#### Information given
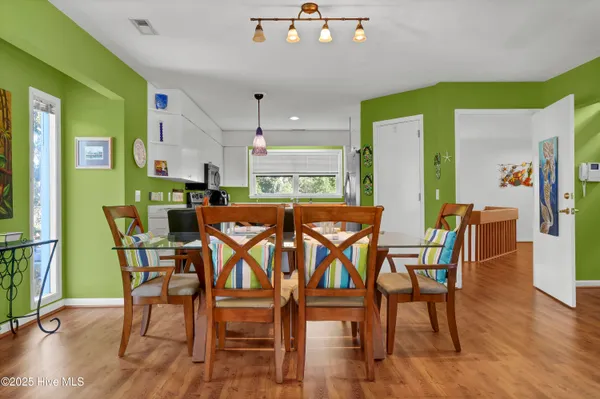 $1,550,000 | 111 Cutlass Drive, Surf City, NC 28445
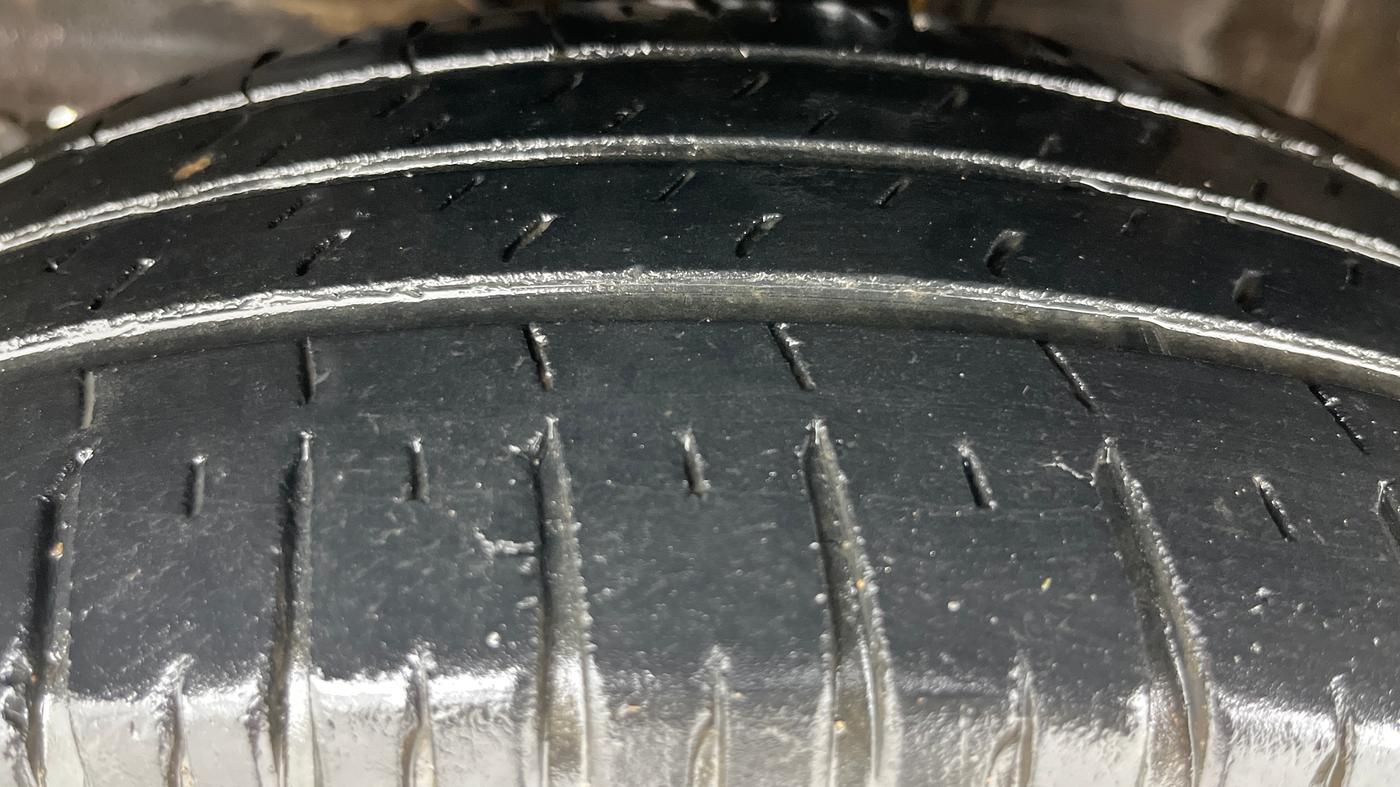 2021 Maruti Ertiga VXI AT SHVS, Petrol, Automatic, 62,696 km, Left Front Tyre Tread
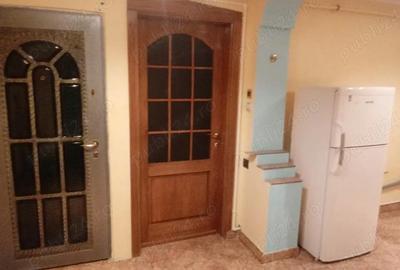 Apartament cu 2 camere decomandat în Craiovița Nouă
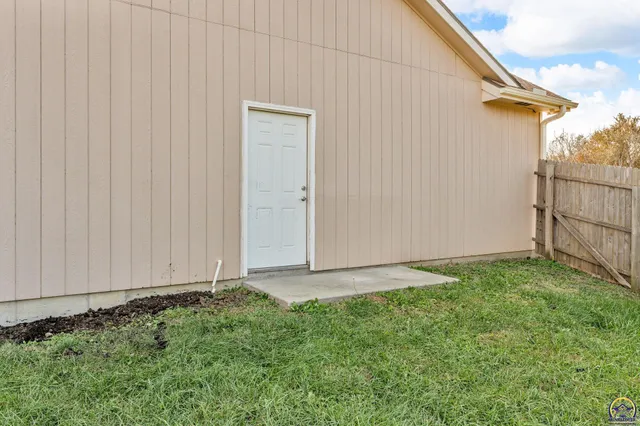 $404,000 | 4218 Southwest Stonybrook Drive, Topeka, KS 66610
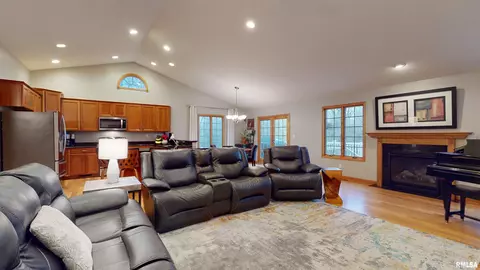 409 Bayside Dr, Germantown Hills, IL 61548 photo 11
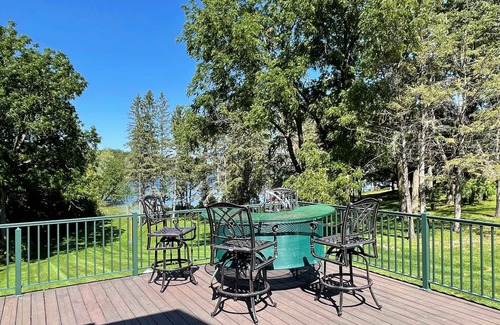 Birchwood Cabina | Towering Pine Cabin: Your Family’s Perfect Getaway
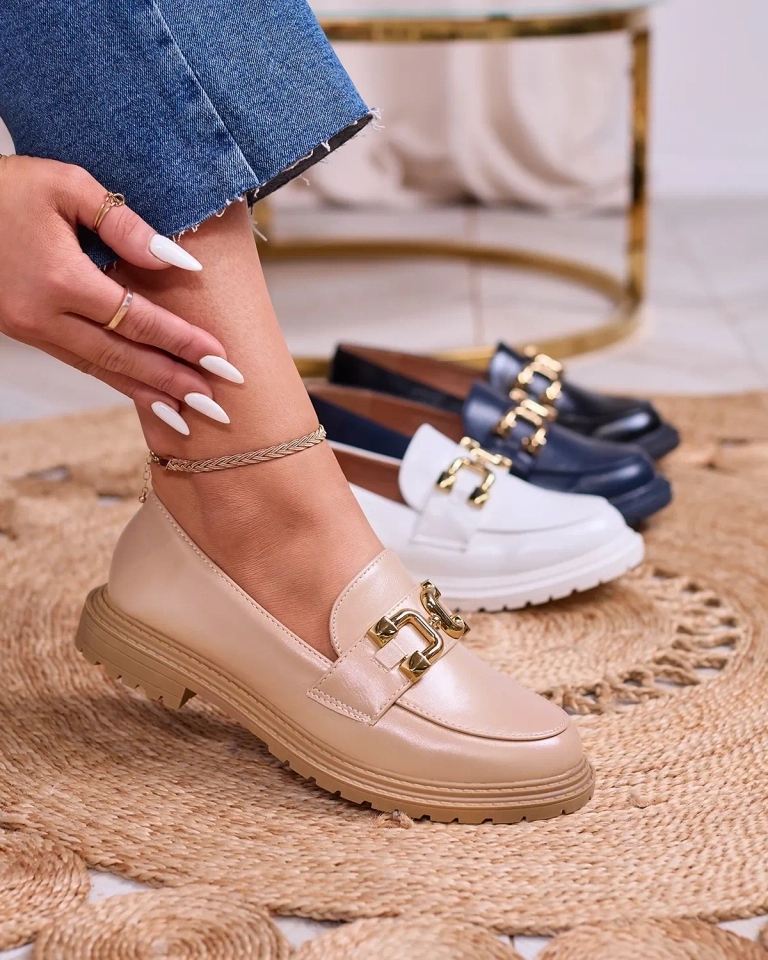 Royalfashion Hellbraune Damen Mokassins mit Goldverzierung Aderica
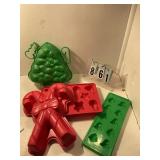 4 assorted jello molds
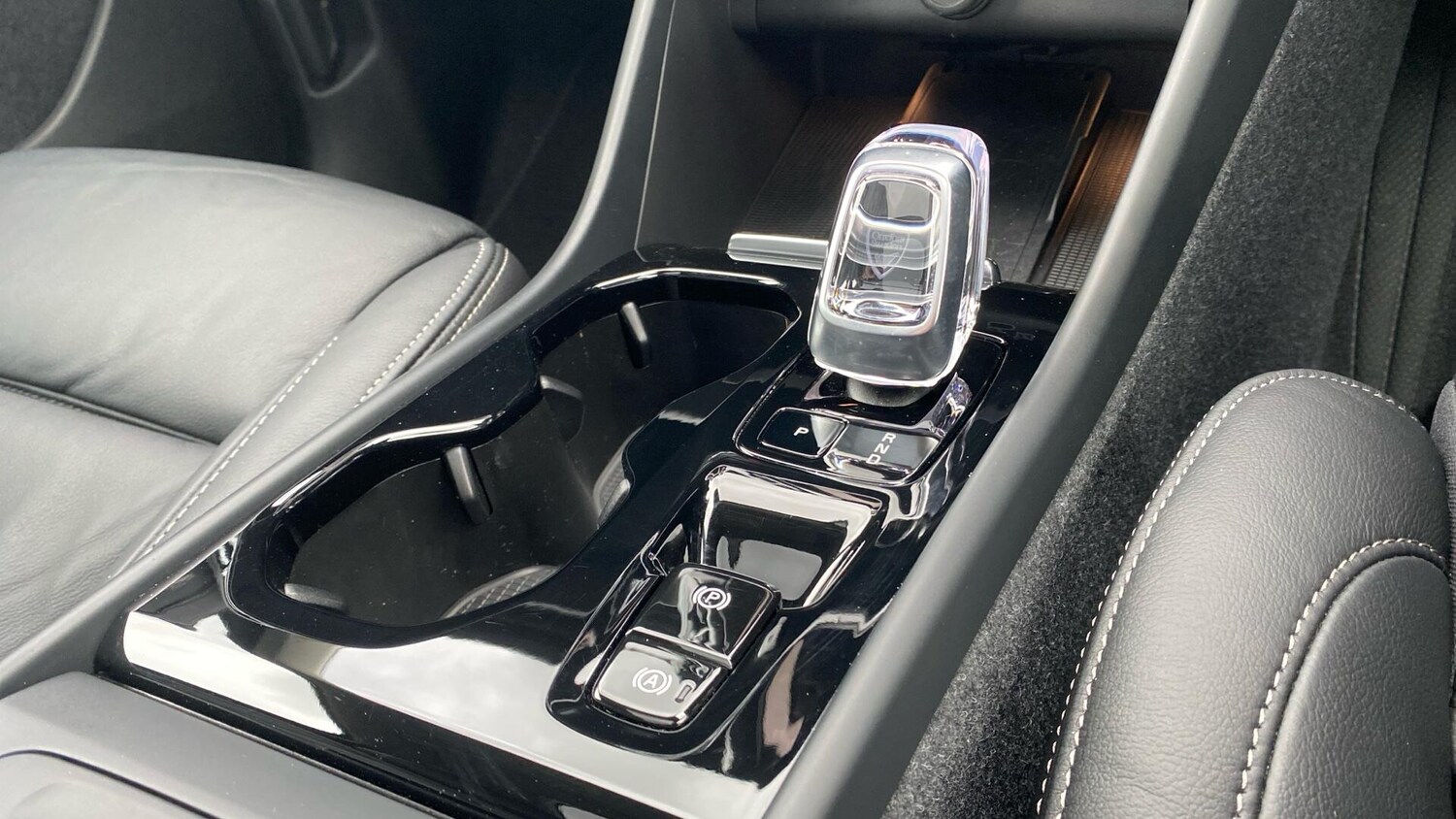 Used Volvo XC40 2023 for sale - 77839785: Photo 26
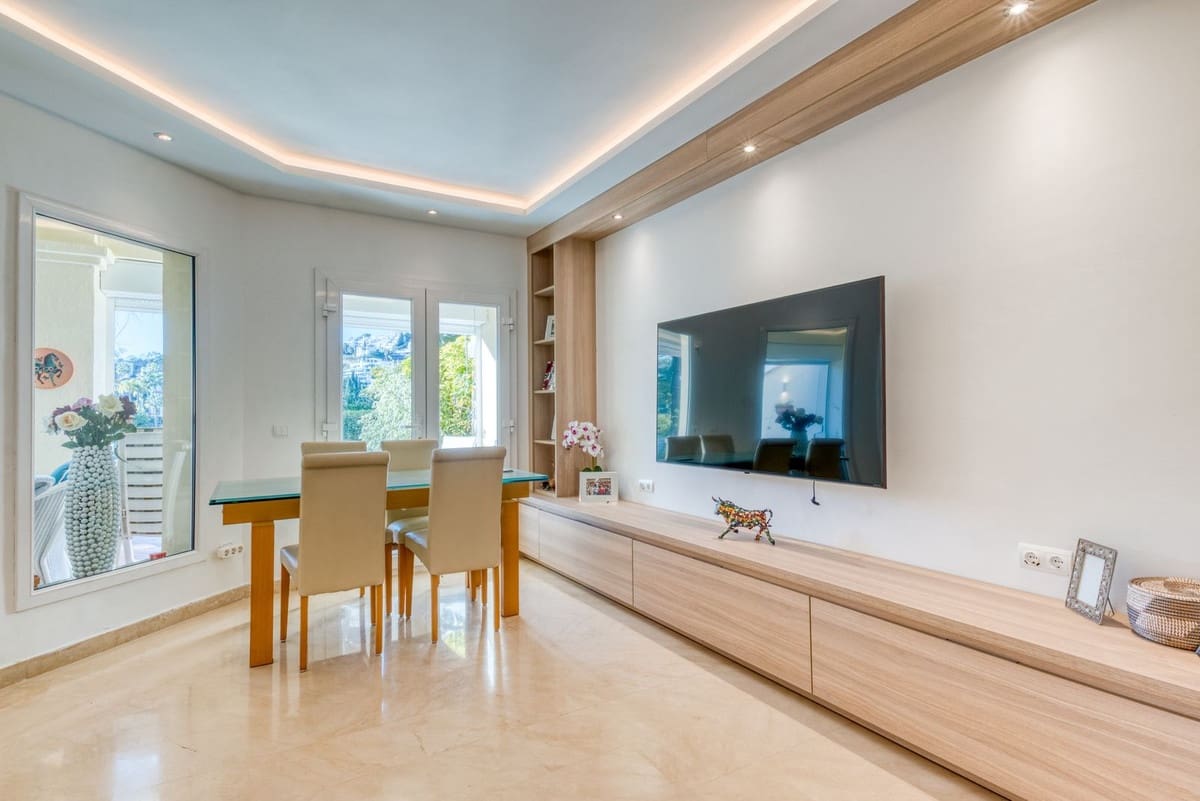 3 bedroom Townhouse for sale in La Quinta with pool garage - € 695,000 (Ref: 9631849)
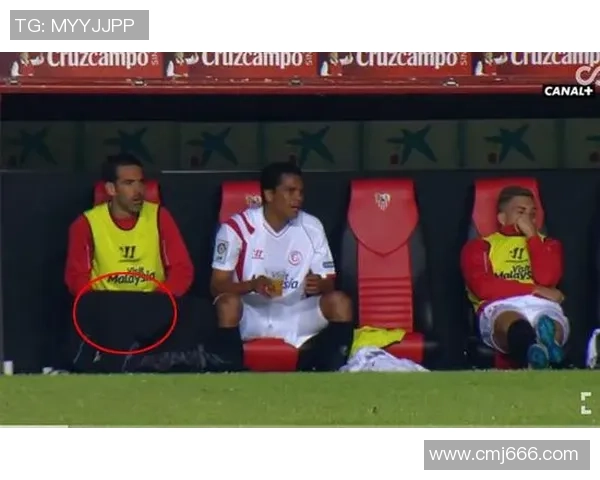 足球巨星化身整蛊达人街头爆笑恶搞路人反应令人捧腹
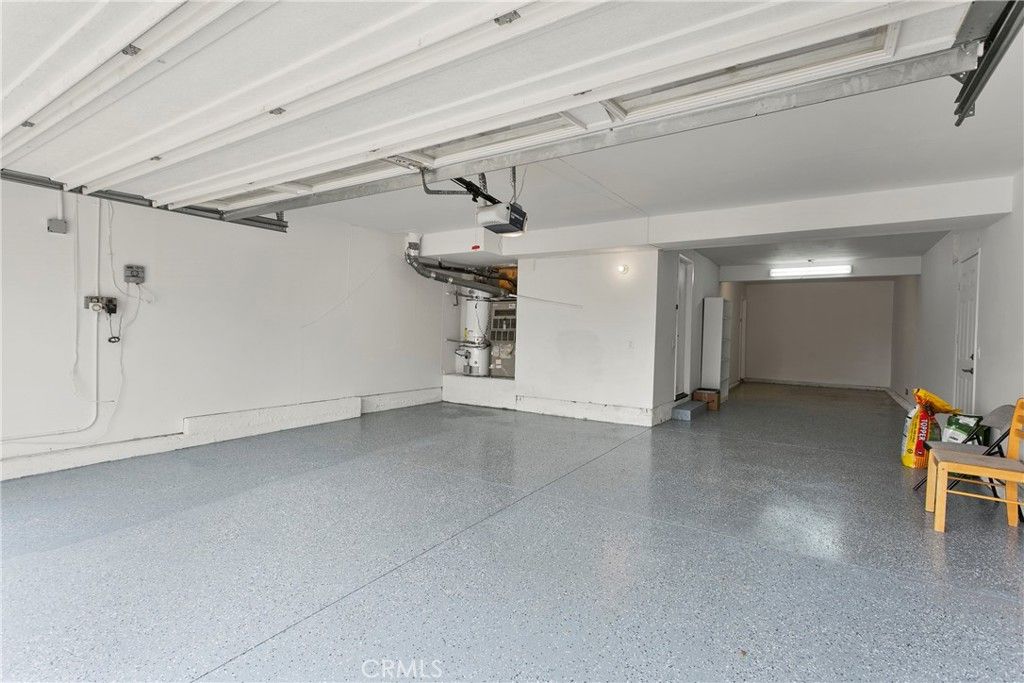 listing image 130726897606564585819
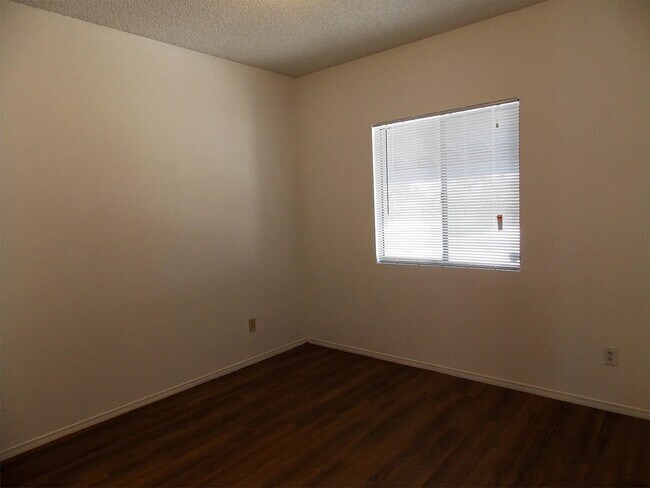 Building Photo - 28th Street #2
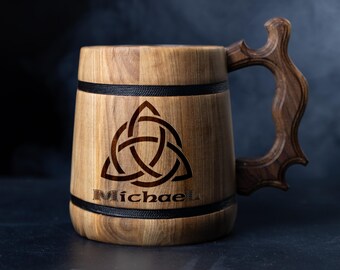 Wooden beer mug with a Celtic knot engraving - Groomsmen Gift for Groom bachelor party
########
*Problem requirements*: Would you please copy the listing exactly, omitting every picture?

*Answer box*:
 $1,550,000 | 111 Cutlass Drive, Surf City, NC 28445
 2021 Maruti Ertiga VXI AT SHVS, Petrol, Automatic, 62,696 km, Left Front Tyre Tread
 Apartament cu 2 camere decomandat în Craiovița Nouă
 $404,000 | 4218 Southwest Stonybrook Drive, Topeka, KS 66610
 409 Bayside Dr, Germantown Hills, IL 61548 photo 11
 Birchwood Cabina | Towering Pine Cabin: Your Family’s Perfect Getaway
 Royalfashion Hellbraune Damen Mokassins mit Goldverzierung Aderica
 4 assorted jello molds
 Used Volvo XC40 2023 for sale - 77839785: Photo 26
 3 bedroom Townhouse for sale in La Quinta with pool garage - € 695,000 (Ref: 9631849)
 足球巨星化身整蛊达人街头爆笑恶搞路人反应令人捧腹
 listing image 130726897606564585819
 Building Photo - 28th Street #2
 Wooden beer mug with a Celtic knot engraving - Groomsmen Gift for Groom bachelor party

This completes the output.